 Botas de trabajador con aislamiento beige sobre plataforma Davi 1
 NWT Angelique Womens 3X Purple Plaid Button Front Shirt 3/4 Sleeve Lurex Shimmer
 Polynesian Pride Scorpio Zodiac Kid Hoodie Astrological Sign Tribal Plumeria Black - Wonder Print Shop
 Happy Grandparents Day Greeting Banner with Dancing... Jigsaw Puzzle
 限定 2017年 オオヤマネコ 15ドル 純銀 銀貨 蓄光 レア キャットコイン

★ ★ ★ ★

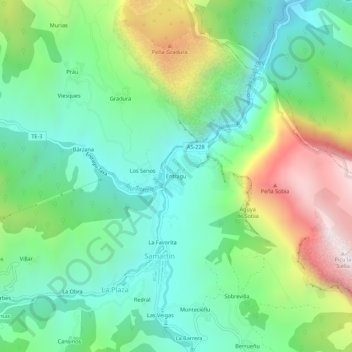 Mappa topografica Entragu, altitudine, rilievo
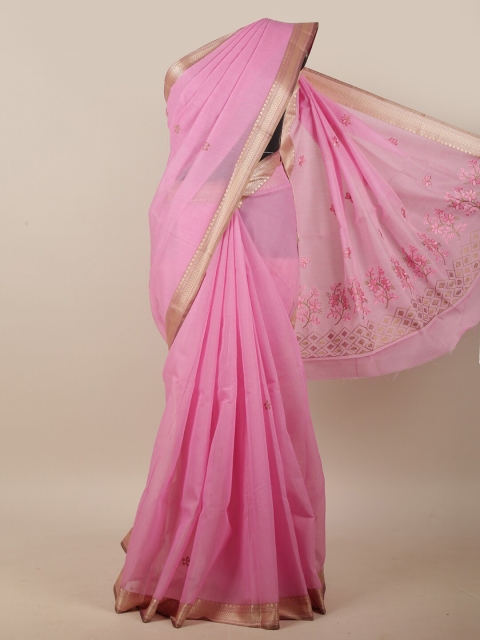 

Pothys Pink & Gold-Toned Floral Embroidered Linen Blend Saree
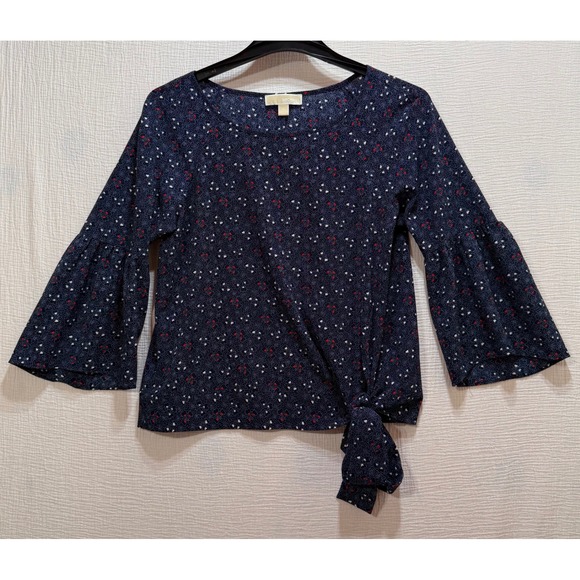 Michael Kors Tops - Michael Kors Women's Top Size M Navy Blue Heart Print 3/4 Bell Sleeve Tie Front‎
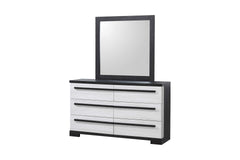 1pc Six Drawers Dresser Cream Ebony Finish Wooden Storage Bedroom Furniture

★ ★ ★ ★

> [Try it]: For the listing above, print only the lines starting at the line containing "Botas de trabajador" and ending at the line containing "限定 2017年 オオヤマネコ 15ドル 純銀 銀貨 蓄光 レア キャットコイン", exactly, both included.

> [Finished exercise]:
 Botas de trabajador con aislamiento beige sobre plataforma Davi 1
 NWT Angelique Womens 3X Purple Plaid Button Front Shirt 3/4 Sleeve Lurex Shimmer
 Polynesian Pride Scorpio Zodiac Kid Hoodie Astrological Sign Tribal Plumeria Black - Wonder Print Shop
 Happy Grandparents Day Greeting Banner with Dancing... Jigsaw Puzzle
 限定 2017年 オオヤマネコ 15ドル 純銀 銀貨 蓄光 レア キャットコイン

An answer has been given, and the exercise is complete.